▸ **THE TASK**
Your task is to write out the entire listing exactly, omitting its pictures.
___ COLLECTED MATERIAL
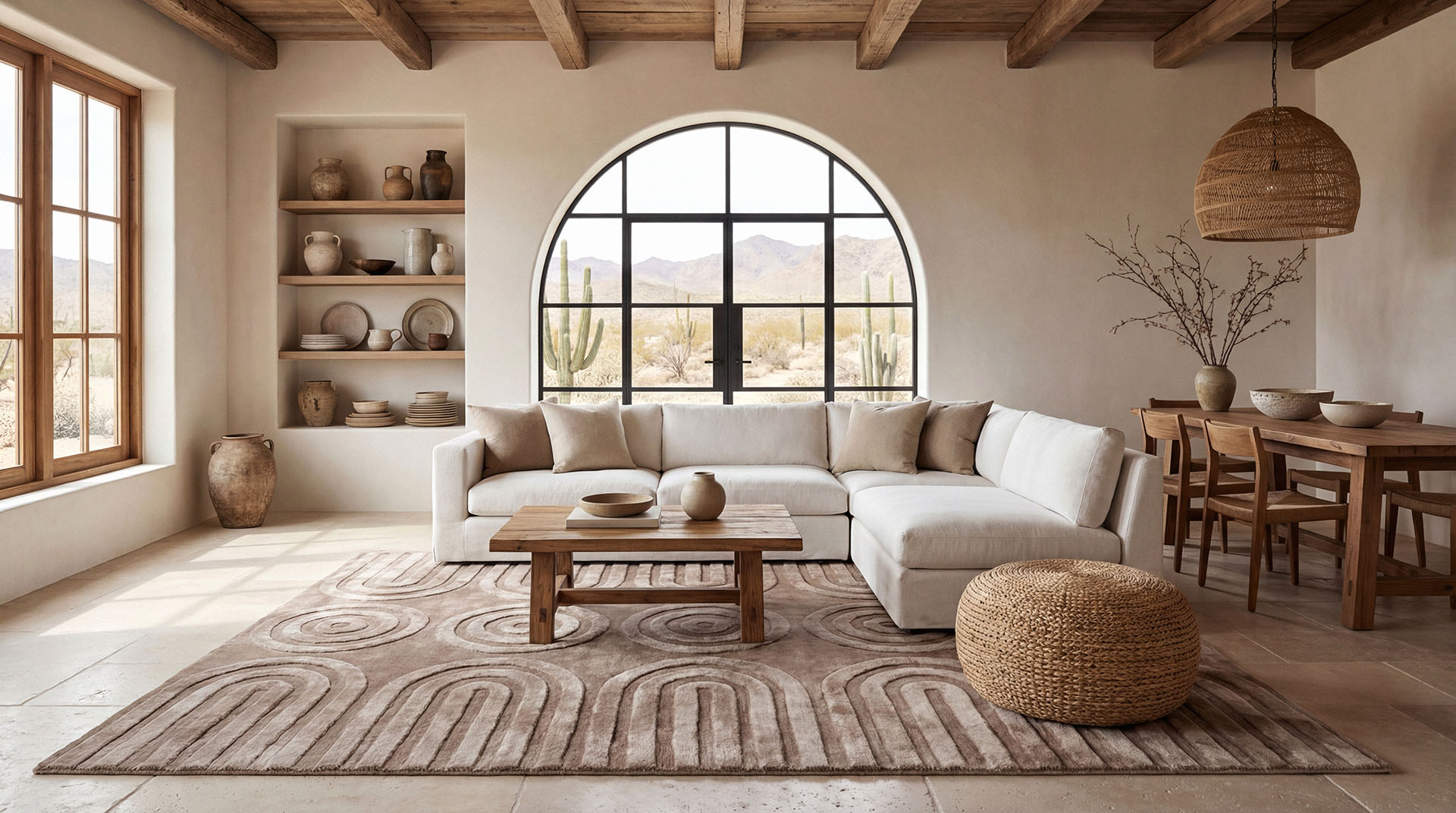 Tappeto Soleil nella variante visone ambientato in un soggiorno contemporaneo con divano, tavolino in legno e grandi vetrate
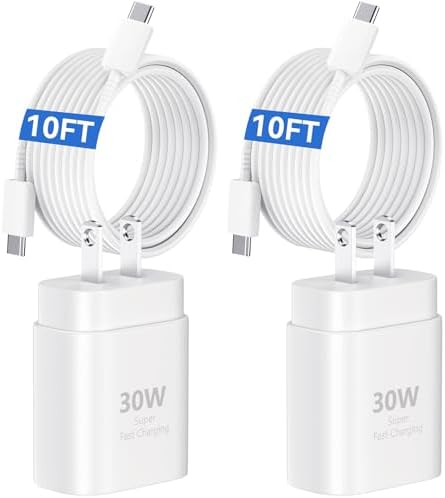 30 W Fast Charger for i Phone 15 Pro Max – 10 FT USB-C Cable & PD 3.0 Power Block | Rapid Charging for i Pad Pro/Air & Samsung S24 – Sleek Black Design for Ultimate Convenience and Durability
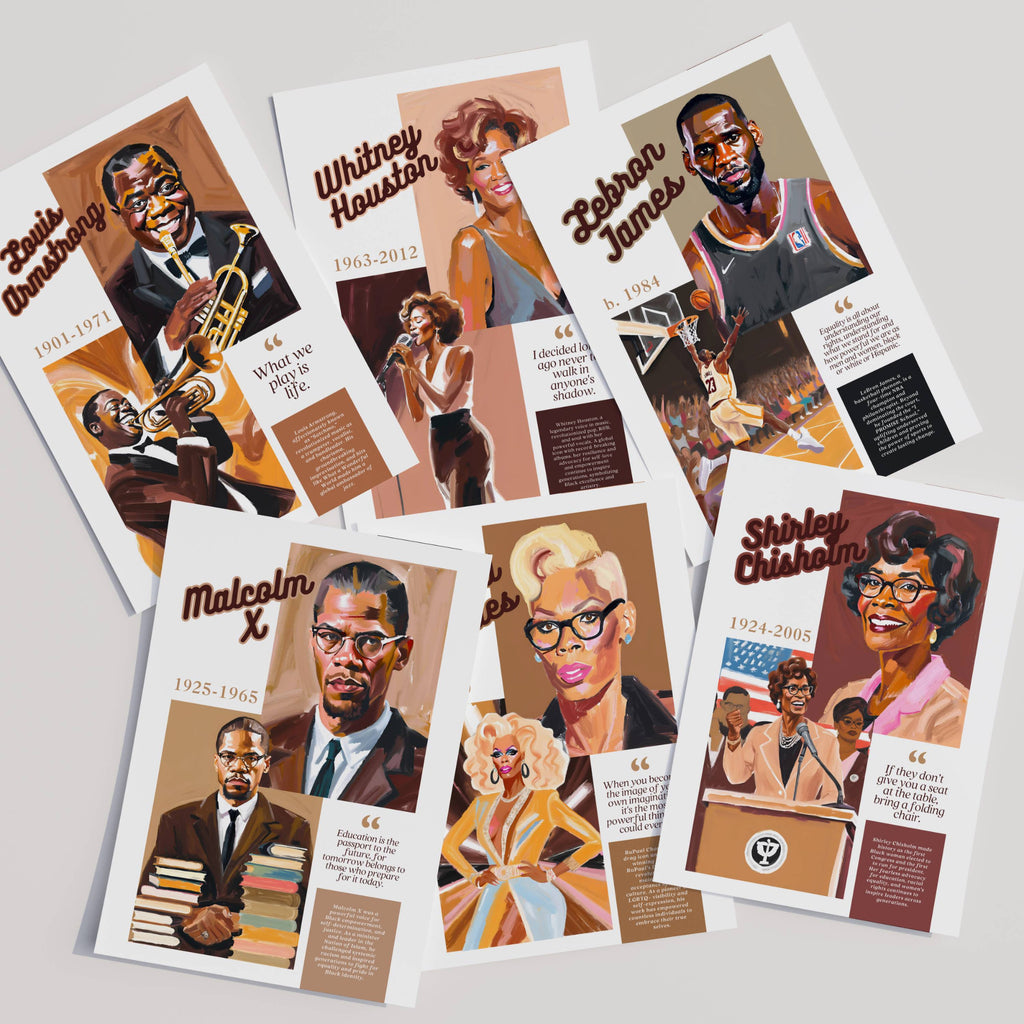 Printable Black History Month poster set of 85 featuring African American and African heritage icons, famous quotes, classroom decor, and bulletin boards.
______
▸ **TASK OUTPUT**
 Tappeto Soleil nella variante visone ambientato in un soggiorno contemporaneo con divano, tavolino in legno e grandi vetrate
 30 W Fast Charger for i Phone 15 Pro Max – 10 FT USB-C Cable & PD 3.0 Power Block | Rapid Charging for i Pad Pro/Air & Samsung S24 – Sleek Black Design for Ultimate Convenience and Durability
 Printable Black History Month poster set of 85 featuring African American and African heritage icons, famous quotes, classroom decor, and bulletin boards.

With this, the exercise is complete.